_What you will do_
Print every line of the records below exactly as it reads.

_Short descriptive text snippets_

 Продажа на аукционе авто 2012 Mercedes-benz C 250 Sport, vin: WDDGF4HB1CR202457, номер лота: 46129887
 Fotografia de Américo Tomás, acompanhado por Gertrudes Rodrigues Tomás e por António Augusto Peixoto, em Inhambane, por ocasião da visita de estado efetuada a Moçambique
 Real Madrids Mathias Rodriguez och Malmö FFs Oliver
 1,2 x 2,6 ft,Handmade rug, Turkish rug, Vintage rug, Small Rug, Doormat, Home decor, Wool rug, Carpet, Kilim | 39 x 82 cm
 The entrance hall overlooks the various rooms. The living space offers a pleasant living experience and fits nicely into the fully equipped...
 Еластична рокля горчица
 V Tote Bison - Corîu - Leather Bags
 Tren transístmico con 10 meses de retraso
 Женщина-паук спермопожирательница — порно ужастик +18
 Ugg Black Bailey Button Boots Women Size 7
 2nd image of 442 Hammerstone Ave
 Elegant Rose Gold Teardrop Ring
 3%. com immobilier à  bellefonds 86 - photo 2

_Answer box_
 Продажа на аукционе авто 2012 Mercedes-benz C 250 Sport, vin: WDDGF4HB1CR202457, номер лота: 46129887
 Fotografia de Américo Tomás, acompanhado por Gertrudes Rodrigues Tomás e por António Augusto Peixoto, em Inhambane, por ocasião da visita de estado efetuada a Moçambique
 Real Madrids Mathias Rodriguez och Malmö FFs Oliver
 1,2 x 2,6 ft,Handmade rug, Turkish rug, Vintage rug, Small Rug, Doormat, Home decor, Wool rug, Carpet, Kilim | 39 x 82 cm
 The entrance hall overlooks the various rooms. The living space offers a pleasant living experience and fits nicely into the fully equipped...
 Еластична рокля горчица
 V Tote Bison - Corîu - Leather Bags
 Tren transístmico con 10 meses de retraso
 Женщина-паук спермопожирательница — порно ужастик +18
 Ugg Black Bailey Button Boots Women Size 7
 2nd image of 442 Hammerstone Ave
 Elegant Rose Gold Teardrop Ring
 3%. com immobilier à  bellefonds 86 - photo 2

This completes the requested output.